Online measurement of the [BinningAccumulator] mean.

Additional information

  • This quantity is considered online despite that it is not regularly updated when data is push!ed from the stream.
mean( lacc::LevelAccumulator )

Online measurement of the [LevelAccumulator] mean.

Additional information

  • This quantity is considered online despite that it is not regularly updated when data is push!ed from the stream.
std( bacc::BinningAccumulator )

Online measurement of the [BinningAccumulator] standard deviation.

Additional information

  • This quantity is considered online despite that it is not regularly updated when data is push!ed from the stream.
std( lacc::LevelAccumulator ) = sqrt(var(lacc))

Online measurement of the [LevelAccumulator] standard deviation.

Additional information

  • This quantity is considered online despite that it is not regularly updated when data is push!ed from the stream.
var( bacc::LevelAccumulator; [level = 0] )

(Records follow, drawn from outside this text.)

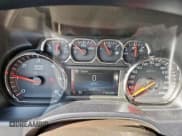 ✅ 2014 GMC Sierra 1500 SLE • VIN: 3GTP1UEC4EG382445 • Lot: 82043225. Wystawiony na Copart z przebiegiem 93 357 mil. Bezpłatny archiwum sprzedaży aukcyjnych z USA i szczegółowy raport historii pojazdu na DreamBid. Zdjęcie 9.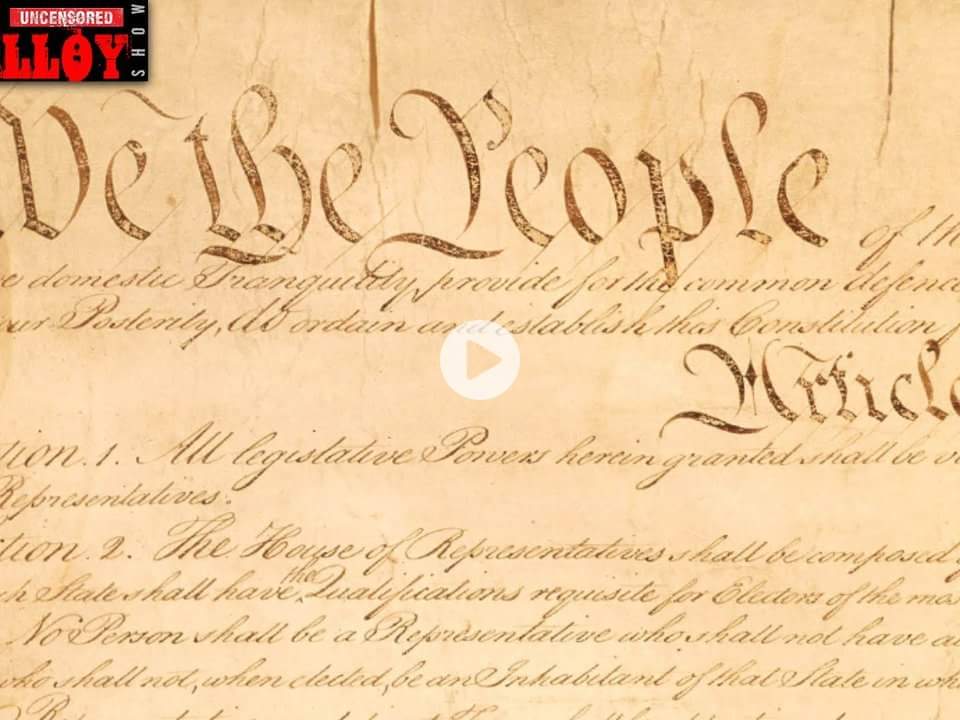 OximityPoverty's tweet photo. Why Don’t We Stop Teaching The Constitution And The Decla... https://t.co/RW9YKiBAfD by @ringoffireradio #politics https://t.co/l1IXJkuazB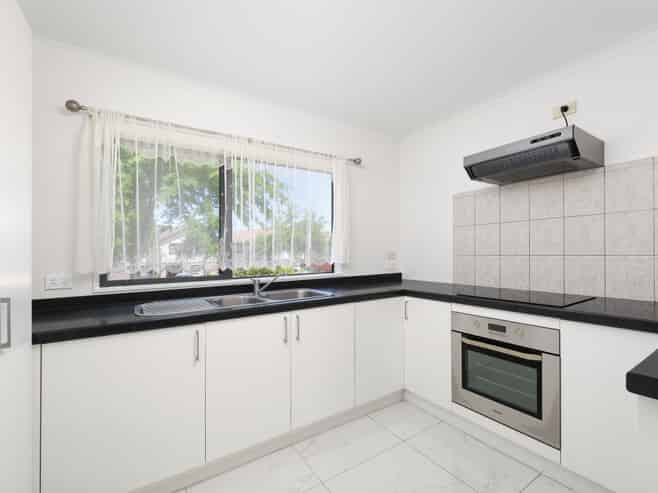 16 Pyramid Place, Glen Eden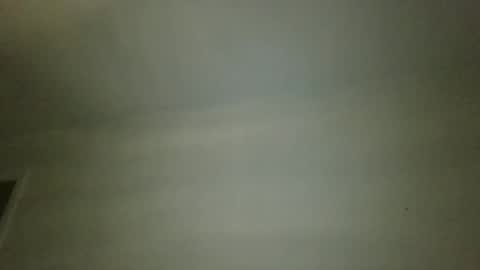fantasycreampuff666 online show from 05/01/26, 03:22
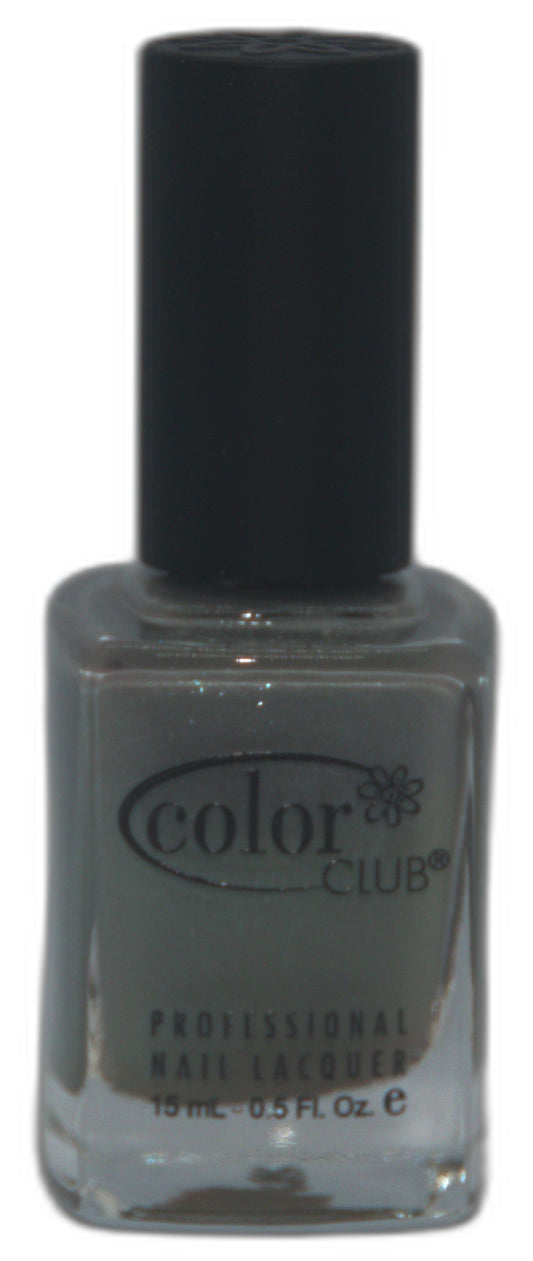 Color Club NP-Wild Orchid 890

Online measurement of the [BinningAccumulator] variance.

Additional information

  • This quantity is considered online despite that it is not regularly updated when data is push!ed from the stream.
var( lacc::LevelAccumulator )

Online measurement of the [LevelAccumulator] variance.

Additional information

  • This quantity is considered online despite that it is not regularly updated when data is push!ed from the stream.